I already speak to a lot of politicians, across all parties, behind closed doors, and they are not willing to talk to me in public. I am seen by parliament as someone who is either too divisive, or they don’t want to answer publicly the questions I put to them.
Despite this, she continues to meet with high-profile politicians, in the hope of finding out what the Brexit plan is.
Miller says that she has been told Brexit will cause “a short-term downturn of 20 to 30 years” and she thinks this will write off the prospects of a generation.
With the Brexit negotiations locked over the so-called divorce bill and the clock ticking towards March 2019, Miller’s position is understandable.
The latest suggestion that the UK could pay a divorce bill of around £36bn ($47bn) towards EU projects that it has already agreed to support, have been rebuffed by euro-sceptic MPs, sending negotiators back to the drawing board.
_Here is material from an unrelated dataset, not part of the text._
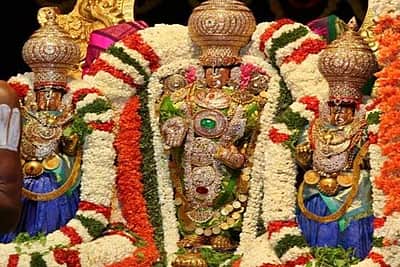 திருப்பதியில் சக்கரத்தாழ்வார் தீர்த்தவாரி: லட்சக்கணக்கான பக்தர்கள் தரிசனம்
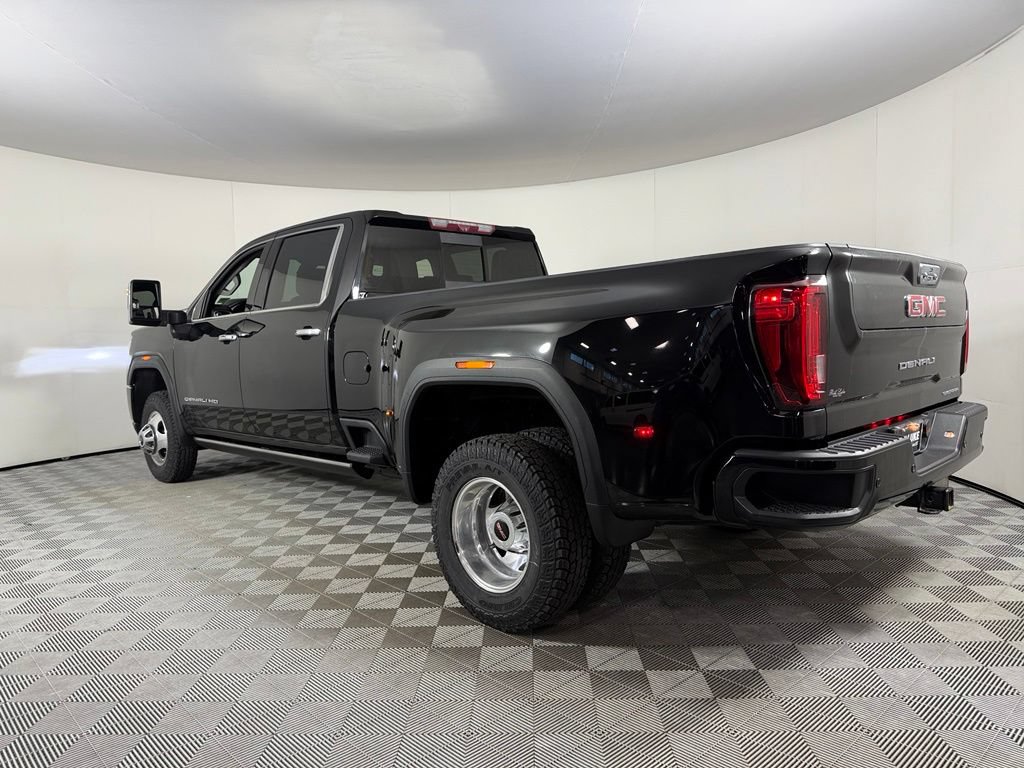 Used 2022 GMC Sierra 3500 Denali w/ Denali Ultimate Package AWD/4WD image 8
The fight to remain has become one of reform
Miller believes there needs to be reform both in the UK and in the EU.
“Of course I would love us to remain, but the one thing we absolutely cannot get away from is that a big part of why the leave vote won is because people are very unhappy. There really does need to be reform,” said Miller.
The shock of Brexit, both in the UK and the EU, means the seeds of change are already being sown.
Germany and France are leading much of this within the European Union, but Miller laments we won’t see benefit from it from the outside looking in.
“We could have really shot ourselves in the foot. The reform could benefit the remaining countries, even though we were the ones who shocked them into it.”
The UK has become the change-maker for the EU after all these years.
Doing things the May way
Miller, like many across the UK, wants to know the Brexit plan over the next two years and what our relationship with the EU will eventually look like.
Worryingly, Miller says politicians, lawyers, and diplomats, tell her that far from there being a clear plan, there simply isn’t one.
It really is the most extraordinary thing. If I operated my business how our cabinet are operating Brexit, then I would rightly be sacked. To have no idea where you’re going, it’s ludicrous.
According to Miller our politicians are part of the problem and the public is rightly distrustful of them.
They “lie, they cheat, and they back-stab, all in the name of power” and they aren’t putting our country first, Miller explains, suggesting they put party politics and their own agendas ahead of the interests of the people.
If you had written the state of our parliament into House of Cards the producers would say it was all to fantastical and ridiculous that they couldn’t possibly do that on the show!
These battles across party-political lines are, in Miller’s words, “a huge waste of energy”, and a distraction from conversations we need to be having with the EU.
And Miller isn’t shy about criticising the cabinet, as she wants the best deal from Brexit that we can get.
This idea of traipsing round the globe, with Hammond in Argentina, what the heck was he doing over there? Why on earth is Hammond over there showboating?
Last week’s visit, part of a four-day trip to South America, was designed to revive trade links that never recovered after the 1982 Falklands War and Hammond was the first British cabinet minister to visit Argentina since 2001.
Miller — who has always denied she wants the UK to ignore the result of last year’s referendum — thinks Brexit could be handled a lot better than it is now.
I’m a democrat, I believe that the vote is where it is. We have to push forward. But you can’t do it blindly with your eyes closed and your fingers in your ears like our politicians are doing now. You have to do it in a very pragmatic and realistic way.
Miller sees herself as the pragmatic mind, with a “love for Britain” to do this.